» **The problem**
Would you please write out each entry that follows, exactly as written?

» **Scraped caption text data**
◆ ◆ ◆ ◆ ◆

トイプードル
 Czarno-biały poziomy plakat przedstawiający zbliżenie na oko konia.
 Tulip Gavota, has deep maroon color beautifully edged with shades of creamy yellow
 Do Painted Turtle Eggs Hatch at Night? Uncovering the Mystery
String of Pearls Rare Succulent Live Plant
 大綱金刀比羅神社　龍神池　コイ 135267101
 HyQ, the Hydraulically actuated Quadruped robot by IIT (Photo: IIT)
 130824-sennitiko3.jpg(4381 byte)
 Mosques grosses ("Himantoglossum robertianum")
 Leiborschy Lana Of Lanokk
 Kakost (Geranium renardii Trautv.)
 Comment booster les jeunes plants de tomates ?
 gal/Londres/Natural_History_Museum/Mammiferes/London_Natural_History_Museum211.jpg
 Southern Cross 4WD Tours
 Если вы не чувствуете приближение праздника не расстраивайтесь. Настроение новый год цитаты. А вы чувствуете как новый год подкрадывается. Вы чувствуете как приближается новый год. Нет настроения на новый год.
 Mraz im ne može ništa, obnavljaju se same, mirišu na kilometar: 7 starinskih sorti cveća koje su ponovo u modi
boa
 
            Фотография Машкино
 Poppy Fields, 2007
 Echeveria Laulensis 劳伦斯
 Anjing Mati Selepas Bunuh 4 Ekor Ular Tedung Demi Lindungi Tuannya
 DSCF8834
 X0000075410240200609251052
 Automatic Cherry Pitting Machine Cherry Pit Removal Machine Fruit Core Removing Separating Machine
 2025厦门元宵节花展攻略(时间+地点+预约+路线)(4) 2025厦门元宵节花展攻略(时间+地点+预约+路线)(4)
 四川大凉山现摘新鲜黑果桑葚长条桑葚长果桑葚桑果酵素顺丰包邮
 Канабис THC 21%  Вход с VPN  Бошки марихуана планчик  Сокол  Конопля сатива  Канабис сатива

◆ ◆ ◆ ◆ ◆

» **Answer to this exercise**
トイプードル
 Czarno-biały poziomy plakat przedstawiający zbliżenie na oko konia.
 Tulip Gavota, has deep maroon color beautifully edged with shades of creamy yellow
 Do Painted Turtle Eggs Hatch at Night? Uncovering the Mystery
String of Pearls Rare Succulent Live Plant
 大綱金刀比羅神社　龍神池　コイ 135267101
 HyQ, the Hydraulically actuated Quadruped robot by IIT (Photo: IIT)
 130824-sennitiko3.jpg(4381 byte)
 Mosques grosses ("Himantoglossum robertianum")
 Leiborschy Lana Of Lanokk
 Kakost (Geranium renardii Trautv.)
 Comment booster les jeunes plants de tomates ?
 gal/Londres/Natural_History_Museum/Mammiferes/London_Natural_History_Museum211.jpg
 Southern Cross 4WD Tours
 Если вы не чувствуете приближение праздника не расстраивайтесь. Настроение новый год цитаты. А вы чувствуете как новый год подкрадывается. Вы чувствуете как приближается новый год. Нет настроения на новый год.
 Mraz im ne može ništa, obnavljaju se same, mirišu na kilometar: 7 starinskih sorti cveća koje su ponovo u modi
boa
 
            Фотография Машкино
 Poppy Fields, 2007
 Echeveria Laulensis 劳伦斯
 Anjing Mati Selepas Bunuh 4 Ekor Ular Tedung Demi Lindungi Tuannya
 DSCF8834
 X0000075410240200609251052
 Automatic Cherry Pitting Machine Cherry Pit Removal Machine Fruit Core Removing Separating Machine
 2025厦门元宵节花展攻略(时间+地点+预约+路线)(4) 2025厦门元宵节花展攻略(时间+地点+预约+路线)(4)
 四川大凉山现摘新鲜黑果桑葚长条桑葚长果桑葚桑果酵素顺丰包邮
 Канабис THC 21%  Вход с VPN  Бошки марихуана планчик  Сокол  Конопля сатива  Канабис сатива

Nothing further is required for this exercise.